Archive for November 2017

T Mag Redeems Itself, Mentions Melting Point of Enamel

Last week we posted about T Magazine’s lackluster treatment of enamel in their pages. So it was a pleasant surprise to see enamel featured again in the newest issue, in beautiful close-up — an enameled Verdura cuff set with stones, called the Ravenna (scroll to the bottom of their list).

This time, they even mentioned the melting point. Extra credit! For $79,500, we want all the information we can get. 
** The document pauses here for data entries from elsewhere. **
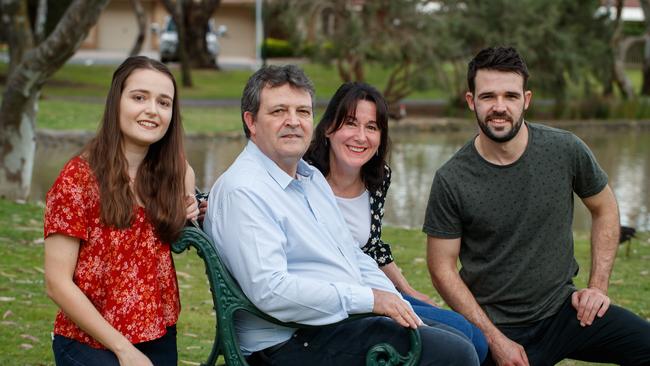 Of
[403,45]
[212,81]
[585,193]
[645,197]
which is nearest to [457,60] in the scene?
[403,45]

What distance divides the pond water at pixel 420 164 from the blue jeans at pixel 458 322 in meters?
8.82

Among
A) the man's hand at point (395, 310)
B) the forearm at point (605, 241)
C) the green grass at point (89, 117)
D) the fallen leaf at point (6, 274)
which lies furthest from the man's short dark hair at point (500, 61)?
the green grass at point (89, 117)

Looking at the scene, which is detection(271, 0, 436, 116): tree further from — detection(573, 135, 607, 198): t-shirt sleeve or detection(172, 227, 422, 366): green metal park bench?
detection(172, 227, 422, 366): green metal park bench

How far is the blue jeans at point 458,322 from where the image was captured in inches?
177

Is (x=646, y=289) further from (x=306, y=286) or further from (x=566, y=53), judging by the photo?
(x=566, y=53)

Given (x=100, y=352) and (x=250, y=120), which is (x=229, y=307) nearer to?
(x=100, y=352)

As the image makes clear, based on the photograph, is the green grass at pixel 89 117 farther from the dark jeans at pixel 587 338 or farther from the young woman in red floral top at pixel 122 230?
the young woman in red floral top at pixel 122 230

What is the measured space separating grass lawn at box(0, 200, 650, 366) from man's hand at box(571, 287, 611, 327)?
1.50 m

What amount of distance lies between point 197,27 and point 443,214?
3674cm

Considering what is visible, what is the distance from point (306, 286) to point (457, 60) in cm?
2742

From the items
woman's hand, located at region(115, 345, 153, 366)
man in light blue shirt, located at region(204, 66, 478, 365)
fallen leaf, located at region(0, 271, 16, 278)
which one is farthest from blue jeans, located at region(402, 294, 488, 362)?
fallen leaf, located at region(0, 271, 16, 278)

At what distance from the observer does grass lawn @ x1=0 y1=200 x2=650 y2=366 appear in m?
6.33

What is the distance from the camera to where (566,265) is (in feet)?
16.4

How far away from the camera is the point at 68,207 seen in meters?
3.92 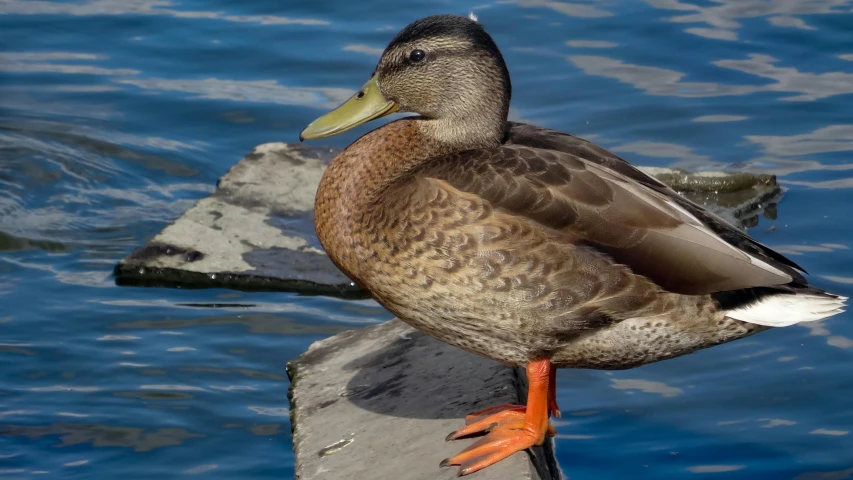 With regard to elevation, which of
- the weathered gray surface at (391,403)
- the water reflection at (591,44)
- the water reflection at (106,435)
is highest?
the water reflection at (591,44)

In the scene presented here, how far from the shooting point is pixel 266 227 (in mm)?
6859

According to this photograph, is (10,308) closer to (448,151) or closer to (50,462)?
(50,462)

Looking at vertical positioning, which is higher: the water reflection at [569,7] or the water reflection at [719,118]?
the water reflection at [569,7]

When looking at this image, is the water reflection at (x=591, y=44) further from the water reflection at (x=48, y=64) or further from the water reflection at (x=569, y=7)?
the water reflection at (x=48, y=64)

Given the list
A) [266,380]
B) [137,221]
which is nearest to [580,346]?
[266,380]

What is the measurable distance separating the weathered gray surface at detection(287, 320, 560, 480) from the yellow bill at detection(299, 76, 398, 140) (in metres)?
1.10

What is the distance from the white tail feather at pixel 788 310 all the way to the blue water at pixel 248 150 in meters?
1.16

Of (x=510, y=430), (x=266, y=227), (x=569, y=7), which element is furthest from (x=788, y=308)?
(x=569, y=7)

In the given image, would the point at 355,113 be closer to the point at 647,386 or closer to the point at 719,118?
the point at 647,386

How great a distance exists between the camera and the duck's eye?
4484 mm

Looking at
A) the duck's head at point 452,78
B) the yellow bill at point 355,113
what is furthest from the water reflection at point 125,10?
the duck's head at point 452,78

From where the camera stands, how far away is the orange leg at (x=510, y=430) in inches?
168

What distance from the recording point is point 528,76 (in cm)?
897

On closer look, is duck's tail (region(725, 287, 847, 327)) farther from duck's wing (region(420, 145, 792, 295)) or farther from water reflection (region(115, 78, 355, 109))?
water reflection (region(115, 78, 355, 109)) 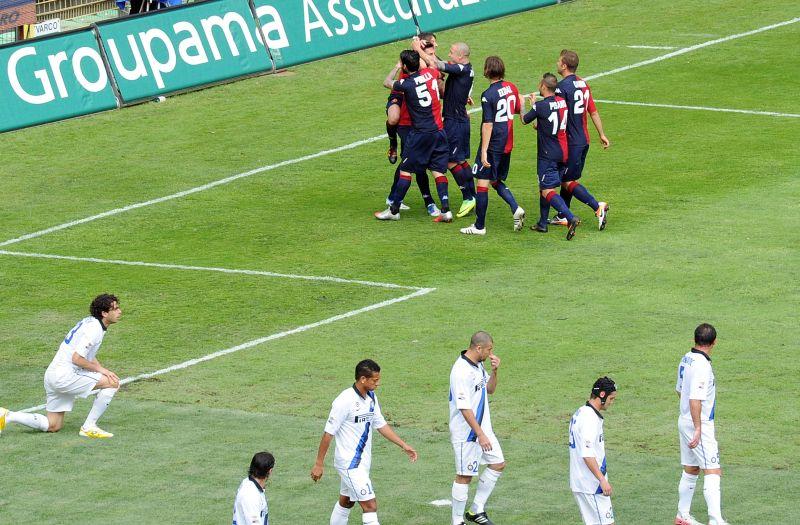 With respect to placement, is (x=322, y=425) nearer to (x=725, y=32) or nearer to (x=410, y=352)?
(x=410, y=352)

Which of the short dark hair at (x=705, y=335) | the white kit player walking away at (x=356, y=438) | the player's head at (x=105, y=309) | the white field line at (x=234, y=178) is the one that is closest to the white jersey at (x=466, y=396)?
the white kit player walking away at (x=356, y=438)

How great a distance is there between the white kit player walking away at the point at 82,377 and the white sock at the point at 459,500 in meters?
4.26

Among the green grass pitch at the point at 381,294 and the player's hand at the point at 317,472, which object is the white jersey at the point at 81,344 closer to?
the green grass pitch at the point at 381,294

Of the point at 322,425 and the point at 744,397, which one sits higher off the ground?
the point at 322,425

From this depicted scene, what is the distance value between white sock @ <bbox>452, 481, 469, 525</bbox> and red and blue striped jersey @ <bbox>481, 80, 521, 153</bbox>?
10086mm

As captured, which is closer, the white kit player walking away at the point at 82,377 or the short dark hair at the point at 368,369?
the short dark hair at the point at 368,369

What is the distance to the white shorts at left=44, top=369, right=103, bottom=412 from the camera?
1642 centimetres

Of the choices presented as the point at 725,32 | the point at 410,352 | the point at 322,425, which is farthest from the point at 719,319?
the point at 725,32

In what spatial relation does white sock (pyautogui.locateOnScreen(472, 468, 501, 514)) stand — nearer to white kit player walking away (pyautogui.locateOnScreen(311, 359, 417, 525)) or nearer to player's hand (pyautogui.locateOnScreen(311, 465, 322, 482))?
white kit player walking away (pyautogui.locateOnScreen(311, 359, 417, 525))

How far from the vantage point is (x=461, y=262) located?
22828 millimetres

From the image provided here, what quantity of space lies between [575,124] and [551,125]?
1.73 feet

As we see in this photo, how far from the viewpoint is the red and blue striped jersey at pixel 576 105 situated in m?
23.4

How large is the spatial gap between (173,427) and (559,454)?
13.6ft

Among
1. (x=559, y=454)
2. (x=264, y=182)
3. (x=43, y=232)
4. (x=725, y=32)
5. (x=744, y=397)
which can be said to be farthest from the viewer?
(x=725, y=32) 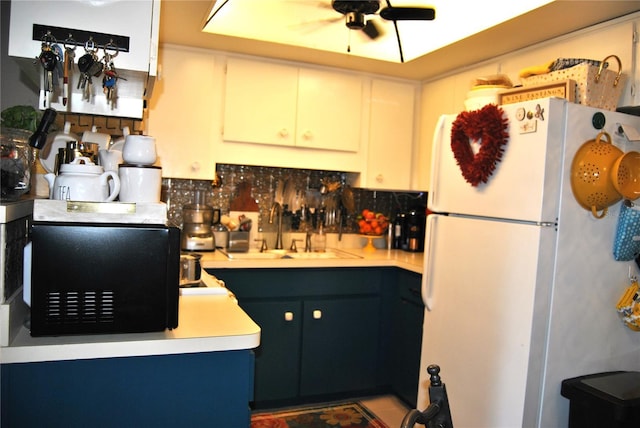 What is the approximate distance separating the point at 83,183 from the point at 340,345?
6.62 feet

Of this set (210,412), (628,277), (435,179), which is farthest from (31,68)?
(628,277)

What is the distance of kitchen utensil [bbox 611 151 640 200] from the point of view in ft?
6.28

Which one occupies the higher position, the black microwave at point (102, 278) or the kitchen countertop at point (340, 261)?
the black microwave at point (102, 278)

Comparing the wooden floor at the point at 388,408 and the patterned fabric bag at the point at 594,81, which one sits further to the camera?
the wooden floor at the point at 388,408

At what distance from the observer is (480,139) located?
2117 millimetres

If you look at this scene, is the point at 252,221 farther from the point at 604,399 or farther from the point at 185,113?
the point at 604,399

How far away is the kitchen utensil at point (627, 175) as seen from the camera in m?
1.91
Think Big, Really Big! Enameled Furniture Old and New

From the ’30s to the ’60s, large-scale enamel works like signage were common, and so were the industrial facilities that produced them. Artists like Edward Winter and John Puskas made oversized 2D works on steel, and some innovative designers like John Keal added sheets of enameled copper and steel to wood tables.

John Keal for Brown Saltman end tables, hardwood with enameled panels

But in the mid-20th-century, as CEA founder Judy Stone detailed in a post last year, the signage industry declined and enamel was marketed as a kitchen-table hobby. Enamel became almost entirely a small-scale art.

And yet the potential of enamel on a sculptural scale is unchanged. In recent years, a few designers have revived the medium, bringing a jolt of pure color to their forms.

Kelly Wearstler designed this custom bureau with an enameled front for the Manhattan apartment of Leslie Blodgett, founder and former CEO of the cosmetics company bareEscentuals.

Custom cabinet by Kelly Wearstler in brass with enameled front

And the experimental furniture designer Kwang Ho Lee draws on the tradition of enameling in Korea, where he is based. He creates minimalist forms from thick-gauge sheet copper, and then douses them in color. When he first started showing his work, he says, even veteran artisans didn’t recognize the technique, so completely had it disappeared from the public eye.

 

From the Skin series, small table by Kwang Ho Lee

From the Skin series, enamel on copper, cabinet, by Kwang Ho Lee

 

From the Skin series, enamel on copper, chair, by Kwang Ho Lee

 

From the series Skin, enamel on copper, Kwang Ho Lee

Are you or anyone you know working large scale like this? Drop us a note on Facebook or in the comments below.

All pictures copyright Kwang Ho Lee. Find more of Lee’s work here:

on the web, http://www.kwangholee.com/

on instagram, @_kwangho_lee

T Magazine Features Enamelwork — Without Using the Word Enamel

 

The good news is that the latest issue of T Magazine has a lush spread devoted to enameled jewelry and objects new and old. (Click here to read the article.) The luminous boxes of Jean Goulden rub shoulders with the incredible miniature artworks that are Alice Cicolini’s rings and Morelli’s meditation bells.

It’s interesting, though: In the print edition, there’s no mention of the word “enamel.” The text reads, in full: “Through the Looking Glass: An ancient technique gets a new shine when applied to contemporary jewelry and objets.” (The online version has the more Google-friendly (and accurate) header, “Enamel Adds A New Shine to Small Accessories.”)

The photographs are pretty — still-lifes in dusty jewel-tones, the items scattered on shabby-chic dressing tables as though tossed there at the end of some fabulously debauched evening. Care has been taken with a whimsical mix of props –a bowl of candies, lipstick on a wine glass, vintage hotel keys. But the pieces themselves are lost in the scenery, an afterthought, the details and the colors almost too small to see. And those vintage aqua colored Belperron earrings, that pop so nicely on the page? They are made of turquoise and lacquer, says the website. Not enamel.

Just saying. We’re delighted enameled work is getting such prominent billing. And we’ll be even more delighted when everyone knows its name.